Devant la kyrielle de sollicitations l’ayant assailli, le chef de l’Etat s’est souvent gardé de donner des gages. Il a toutefois manifesté ses bonnes intentions par la pose de première pierre de certaines infrastructures, en se donnant à cœur-joie à l’inauguration de nombreux autres ouvrages entamés sous la transition pour certaines, soit par le régime précédent pour d’autres. C’est le cas, par exemple, des centrales hybrides de la Coopération danoise ou encore des salles de classe inaugurées dans le Cercle de Tominian, tous présentés comme des acquis du mandat d’IBK à mi-parcours.
Au fait, les partisans du président, sa propre famille politique ainsi que leurs alliés, ont mis les bouchées doubles, coupé les cheveux en quatre pour donner de l’allure et du contenu à sa visite en 5e région. Pour ce faire, en plus d’assurer une mobilisation des grands jours, la tendance politique connue sous le vocable de «majorité présidentielle» a même versé dans ce qu’il convient de désigner comme une usurpation d’acquis. Ses bienveillantes intentions ne lui ont cependant pas épargné le courroux et la foudre du mentor. Comme à ses habitudes, depuis qu’il a accédé aux commandes de la nation, IBK a profité de sa rencontre avec la majorité présidentielle pour lui remonter les bretelles, briser ses ardeurs et la rabrouer.
A ce propos, le président de la République persiste et signe : la majorité présidentielle, sa majorité, est largement en deçà de ses attentes ainsi que des exigences du contexte politique. Et de laisser entendre qu’elle ne convaincra jamais de ses performances tant qu’elle va continuer à «raser les murs» en éprouvant de la gêne devant les malaises du régime.

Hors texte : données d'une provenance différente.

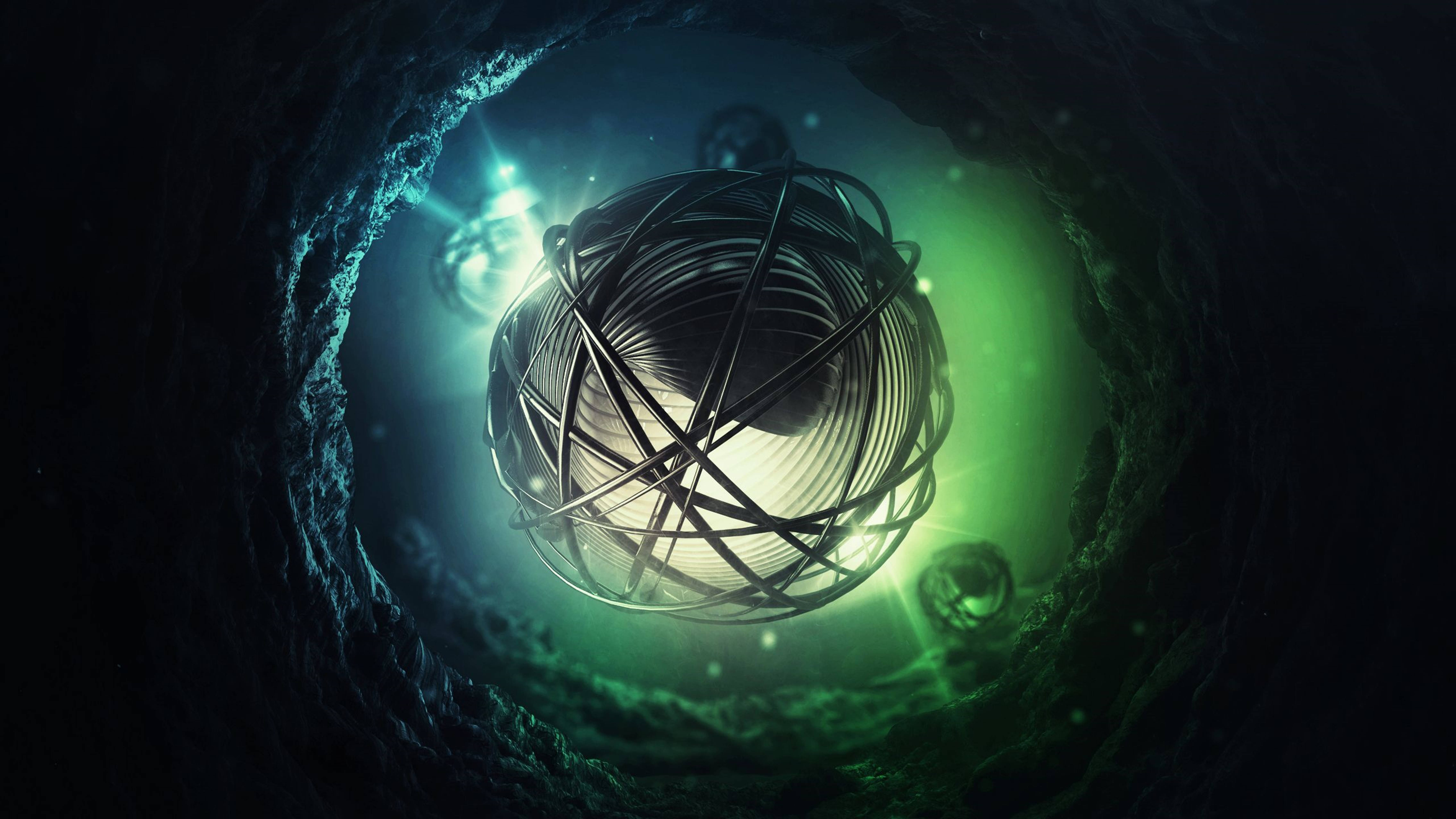 3d hd, glowing green orb, metallic cage, 5K Desktop Wallpaper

Au porte-parole local de la Cmp ayant fait une présentation laudative de son bilan, IBK n’a eu d’autre réponse que l’amabilité de lui rétorquer que si ses partisans sont convaincus de la valeur des acquis, ils doivent les défendre «becs et ongles, faits contre dires» au lieu de raser les murs.
Il n’y a rien dans l’Accord pour la paix qui compromette la souveraineté nationale au point d’être indéfendable, a-t-il lancé en guise d’exemple.

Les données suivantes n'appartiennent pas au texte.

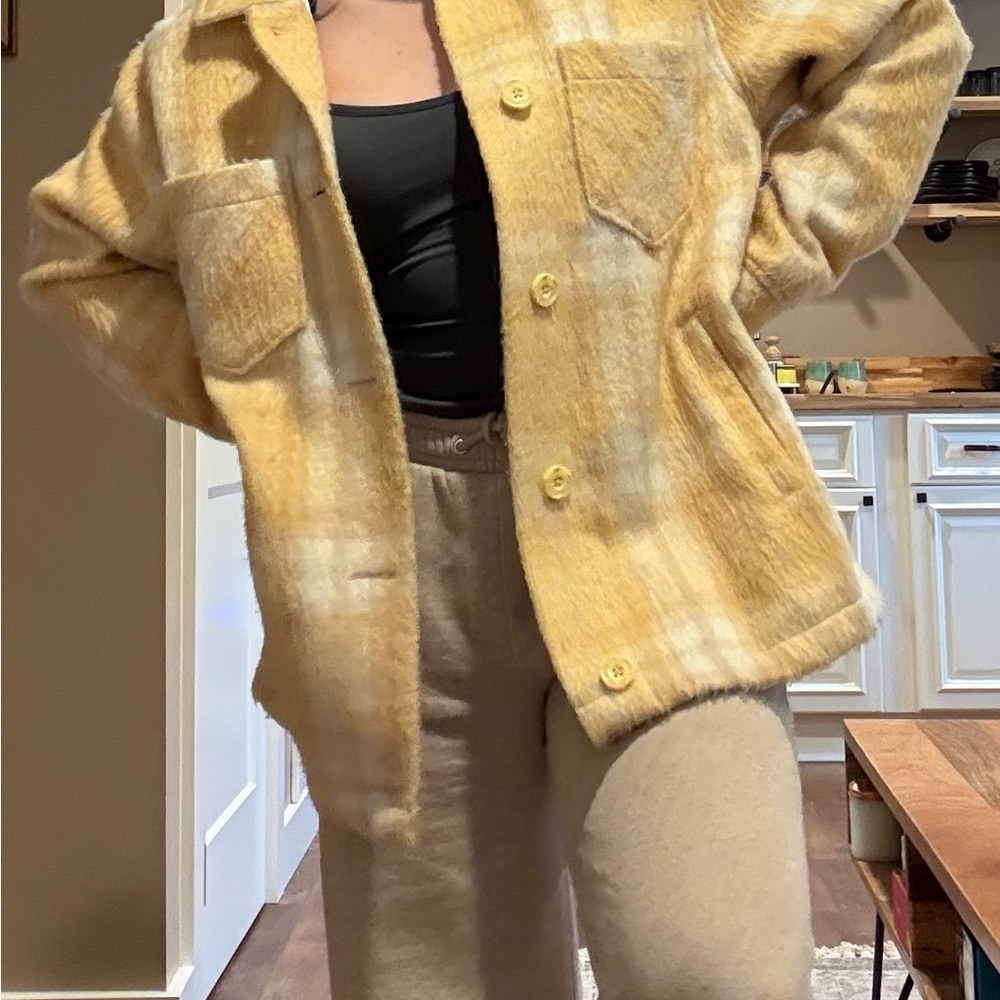 Hollister Yellow Plaid Teddy Jacket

Ce n’est pas tout. Poursuivant son réquisitoire très sévère contre la majorité, le président sortant du Rpm, a réprouvé dans des allures paternalistes les vaines querelles de place dans son camp avant de mettre en garde contre le grand trafic d’influences qui a lieu en son nom.
Dans la même veine, le chef de l’Etat a redit à qui veut l’entendre qu’il ne doit pas ses fonctions de président à une famille politique mais au peuple malien qui l’a choisi «pour des raisons qui lui appartiennent».
L’allusion, pour nombre d’observateurs avertis, s’adresse moins à la majorité présidentielle dans son ensemble qu’au Rpm, sa propre famille politique, lorsqu’il dénonce un certain repli et le refus d’ouverture aux autres. Pour IBK, en clair, il est inadmissible de chercher à exclure de la gestion du pays ceux qui désirent apporter leur pierre.
Car, ils demeurent des Maliens en dépit de leur passé politique.
Ce n’est pas la première fois qu’il tente de se démarquer de ses origines politiques, mais pour peu qu’on sache lire entre les lignes, il est loisible de comprendre que la démarche du président de la République, motivée selon toute évidence par une nette volonté d’ouverture, s’apparente à un appel du pied à toutes les tendances politiques sans exclusive, dans la perspective du nouveau gouvernement très imminent.
De là à s’y prendre avec une posture qui jure avec la courtoisie entre alliés politiques est une autre paire de manche et commence à faire jaser dans les rangs de ses soutiens politiques.